Rightify Ghana
- Formation: February 2020
- Headquarters: Ghana
- Website: https://rightifyghana.org

= Rightify Ghana =

Ghanaian LGBT rights organization

Rightify Ghana is a Ghanaian organization that advocates for LGBT rights in Ghana. Rightify Ghana was established in February 2020 as a non-profit organization to advocate for the rights of LGBT+ Ghanaians.

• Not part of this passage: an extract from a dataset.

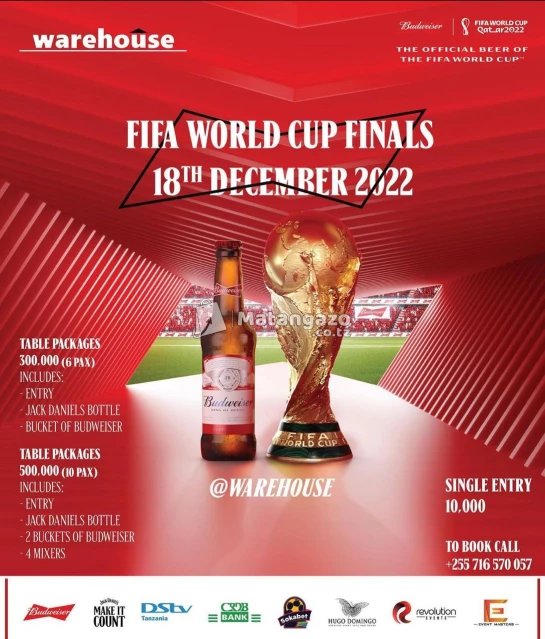 Fifa World Cup Finals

The Ghanaian government has long denied LGBTQ+ Ghanaians respect, protection, and recognition. Rightify Ghana came together to raise awareness about the many challenges faced by the community – challenges neglected by the government at the policy level. The organization seeks to mitigate harm, identify solutions, and ultimately empower sexual and gender minorities across the country.

== Activism ==
Rightify Ghana has been one of the organizations leading efforts to advocate for the rights of LGBT+ Ghanaians and fight the Ghanaian anti-LGBT bill laid before the Parliament of Ghana.

In January 2022, Rightify Ghana launched a fundraiser to expand advocacy for LGBTQI+ people living in Ghana.

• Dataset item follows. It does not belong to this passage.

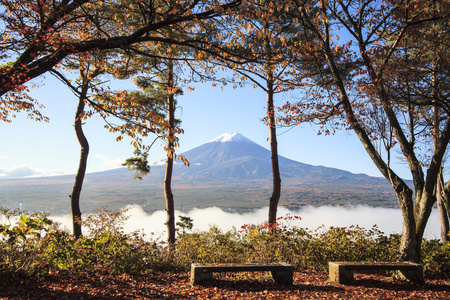 与秋天颜色在日本富士山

The second pillar of Rightify Ghana’s work is community empowerment, particularly capacity building and human rights education. In addition to facilitating healthcare education and access, such as that to HIV resources, Rightify facilitates psycho-social support services. This means providing counseling for community members on issues ranging from accepting one’s identity to confronting homophobia, to experiencing an existential crisis. These services aim to provide community members with the tools to live in harmony with their sexual orientation and gender identity – despite the many challenges of internalized homophobia, religious conflicts, family dynamics, etc.